Mr. R. Macklin, for the Landlord (Respondent in Appeal/Moving Party)
Landlord (Respondent in Appeal/Moving Party)
- and -
R. Cameron MacDonald
Mr. D. Strashin, for the Tenant (Appellant/Responding Party)
Tenant (Appellant/Responding Party)
HEARD: February 16, 2006
REASONS FOR DECISION
Fuerst J.
Introduction
[1] Cameron MacDonald (“the Tenant”) rents a house from Wismer Markham Developments Inc. (“the Landlord”). He has been a tenant at the property for several years.
[2] In November 2005 after protracted proceedings before the Ontario Rental Housing Tribunal (“the Tribunal”), Mr. MacDonald consented to an order terminating his tenancy and evicting him. Within a matter of weeks, however, he launched an appeal of the order to the Divisional Court.

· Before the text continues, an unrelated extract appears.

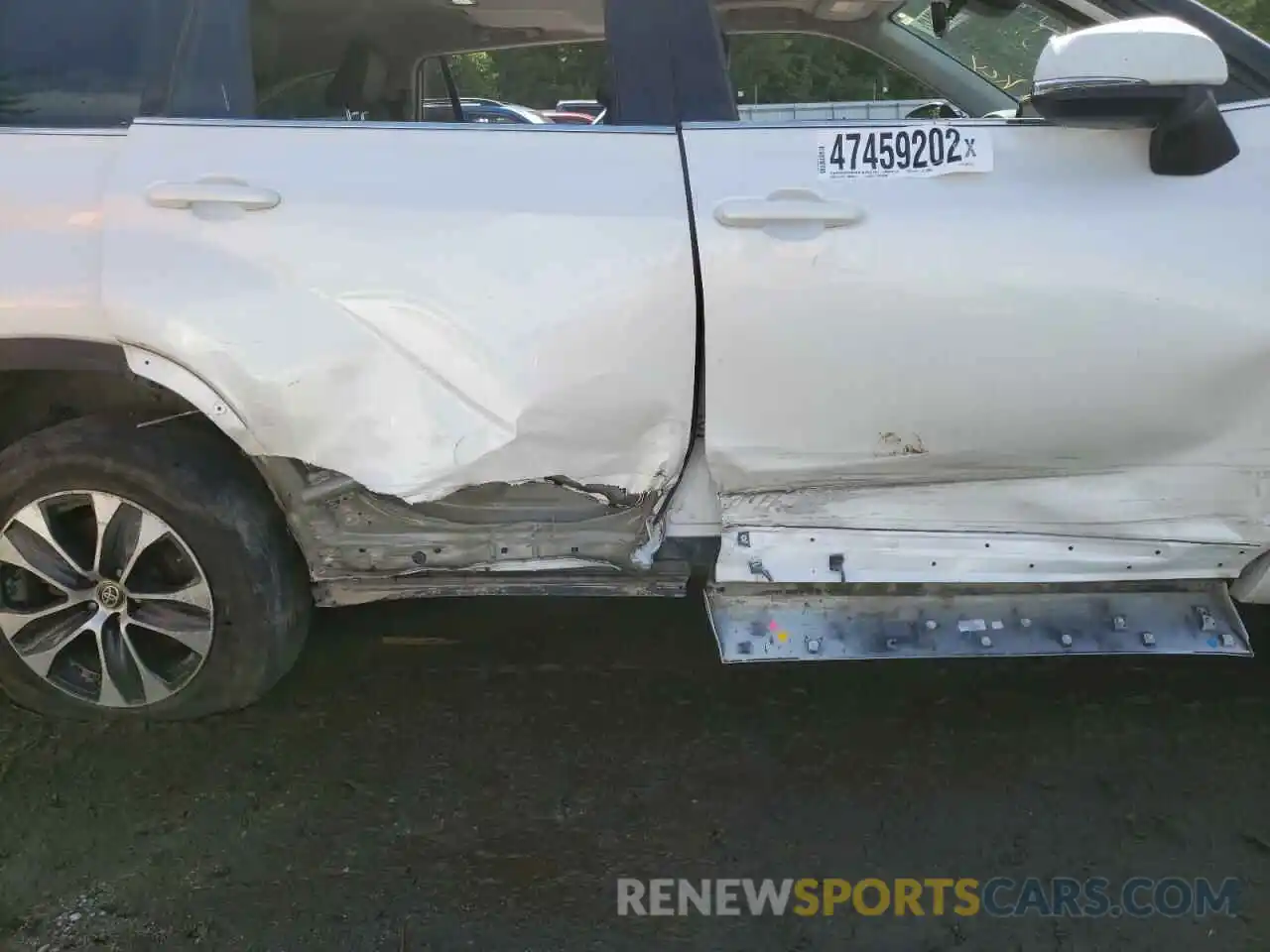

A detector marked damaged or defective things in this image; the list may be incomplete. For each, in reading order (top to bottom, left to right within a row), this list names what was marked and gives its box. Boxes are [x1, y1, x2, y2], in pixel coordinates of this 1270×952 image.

[3] The issues on this motion by the Landlord are whether the appeal should be quashed and the automatic stay of the eviction order lifted, or in the alternative whether the Tenant should be ordered to pay interim rent until the disposition of the appeal, and to post security for costs.
The History
[4] Mr. MacDonald became the tenant of a house at 9506 Highway 48 in Markham, on April 1, 1998. The tenancy is month-to month. He agreed to pay rent of $1200 per month on the first day of each month.
[5] The Landlord is a land developer involved in construction projects in Markham.
[6] The house is on land being developed into subdivisions in accordance with an Official Plan.
[7] The Official Plan designates the site on which the house is located for commercial use. The Landlord wishes to use the house as a construction site office, rather than a residence.
[8] On December 13, 2004, the Landlord gave Mr. MacDonald written notice that his tenancy would end on April 30, 2005. The specified ground was that the property was being converted to a use other than residential, in that the Landlord needed it for a construction site office. The notice stated, “No permits or other authorizations are necessary in this case to convert the rental unit or complex to a non-residential use or to demolish it”.
[9] The Landlord sought and obtained an order from the Tribunal terminating the tenancy as of April 30, 2005. The order was granted on January 28, 2005.
[10] On March 3, 2005, Mr. MacDonald requested a review hearing. He obtained a stay of the Tribunal’s order.
[11] The review hearing was scheduled for March 24, 2005. On that date Mr. MacDonald, who was represented by a paralegal, and the Landlord reached a mediated settlement. The settlement provided for an abatement of rent, grading of the property by the Landlord, and extension of the termination date of the tenancy to August 31, 2005.
[12] The Landlord performed all of its obligations. Mr. MacDonald, however, refused to vacate the property on the specified date.
[13] The Landlord applied to the Tribunal for an order terminating the tenancy because of Mr. MacDonald’s failure to comply with the terms of the mediated settlement. On September 14, 2005, the Tribunal granted the application. It ordered Mr. MacDonald to leave by September 25, 2005.
[14] In response, Mr. MacDonald commenced a multiplicity of proceedings before the Tribunal. He moved to set aside the eviction order, sought to re-open the Landlord’s original application, brought a “T2” application seeking $6500 for alleged interference with tenant’s rights, and made a “T6” application seeking $5100 for alleged deficiencies in maintenance.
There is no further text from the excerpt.